*** Recorded data ***
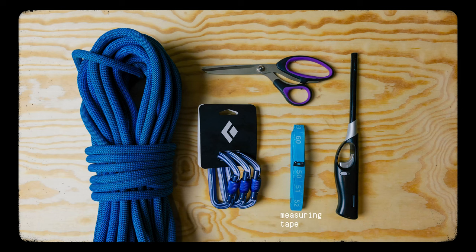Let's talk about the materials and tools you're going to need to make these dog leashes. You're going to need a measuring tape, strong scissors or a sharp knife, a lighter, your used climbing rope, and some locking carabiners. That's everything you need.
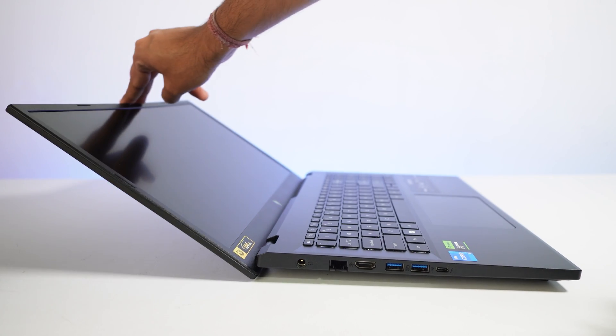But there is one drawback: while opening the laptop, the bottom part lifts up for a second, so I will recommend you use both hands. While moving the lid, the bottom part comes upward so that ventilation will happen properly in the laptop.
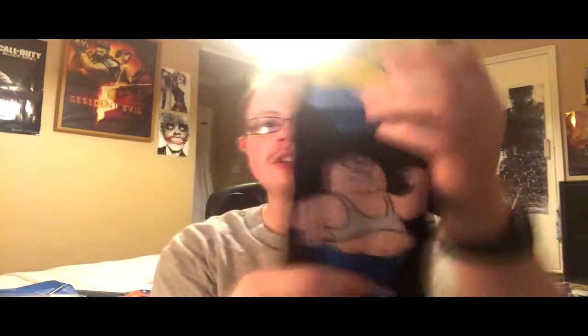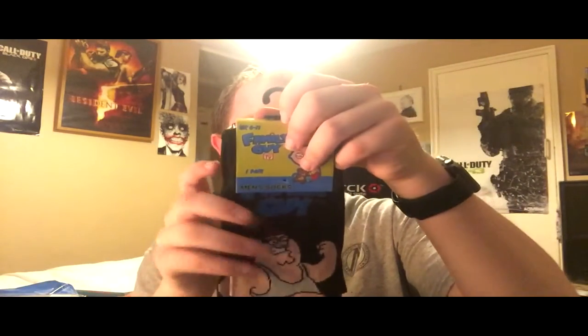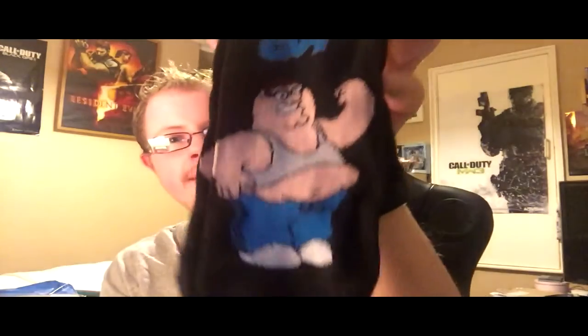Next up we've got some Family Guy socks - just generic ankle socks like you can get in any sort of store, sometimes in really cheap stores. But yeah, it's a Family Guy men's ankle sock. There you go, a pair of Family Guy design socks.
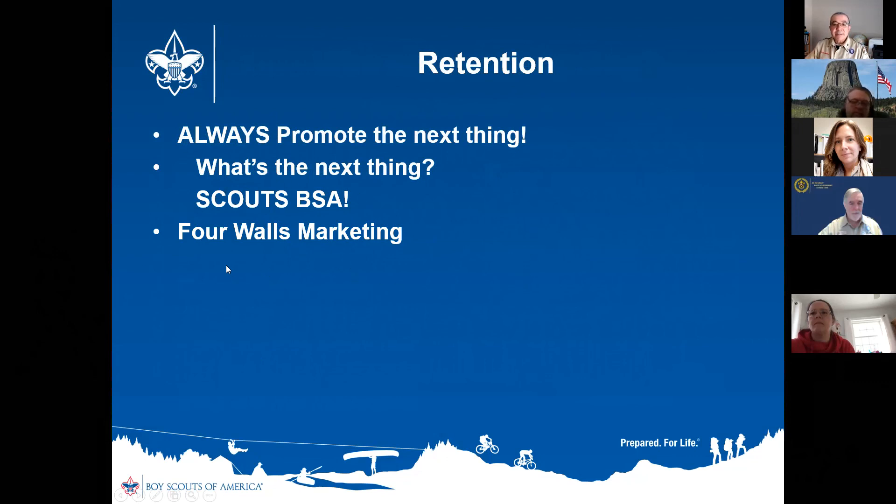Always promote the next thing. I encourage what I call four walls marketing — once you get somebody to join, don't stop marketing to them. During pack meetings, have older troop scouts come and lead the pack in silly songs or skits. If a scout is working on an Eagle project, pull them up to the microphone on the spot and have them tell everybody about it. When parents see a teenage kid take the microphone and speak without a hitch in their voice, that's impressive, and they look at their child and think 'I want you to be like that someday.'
*** End of Recorded data ***
*** Recorded data ***
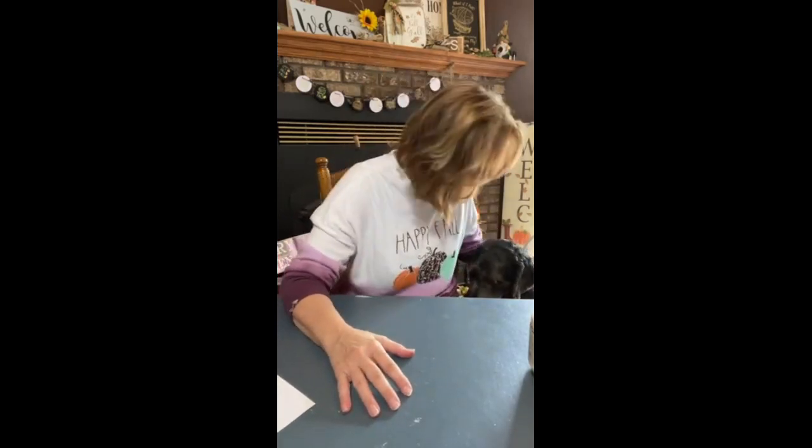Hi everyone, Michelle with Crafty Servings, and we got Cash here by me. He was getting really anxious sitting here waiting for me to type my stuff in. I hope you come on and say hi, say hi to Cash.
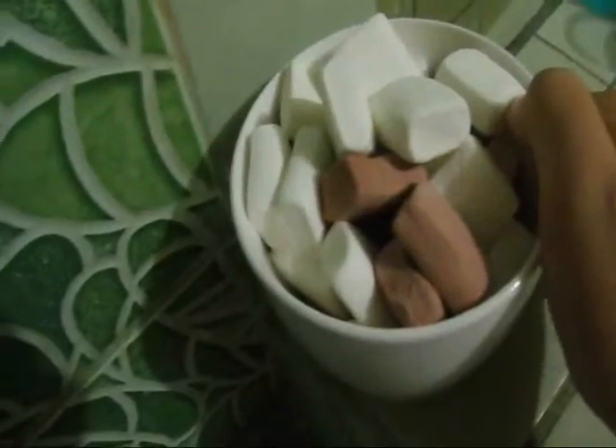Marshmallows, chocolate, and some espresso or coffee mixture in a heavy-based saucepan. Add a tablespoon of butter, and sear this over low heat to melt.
*** End of Recorded data ***
Give again the stretch of lines above from the one with "Let's talk about" through the one with "But there is", both ends kept, and copy no pictures.

» Answer box
Let's talk about the materials and tools you're going to need to make these dog leashes. You're going to need a measuring tape, strong scissors or a sharp knife, a lighter, your used climbing rope, and some locking carabiners. That's everything you need.
But there is one drawback: while opening the laptop, the bottom part lifts up for a second, so I will recommend you use both hands. While moving the lid, the bottom part comes upward so that ventilation will happen properly in the laptop.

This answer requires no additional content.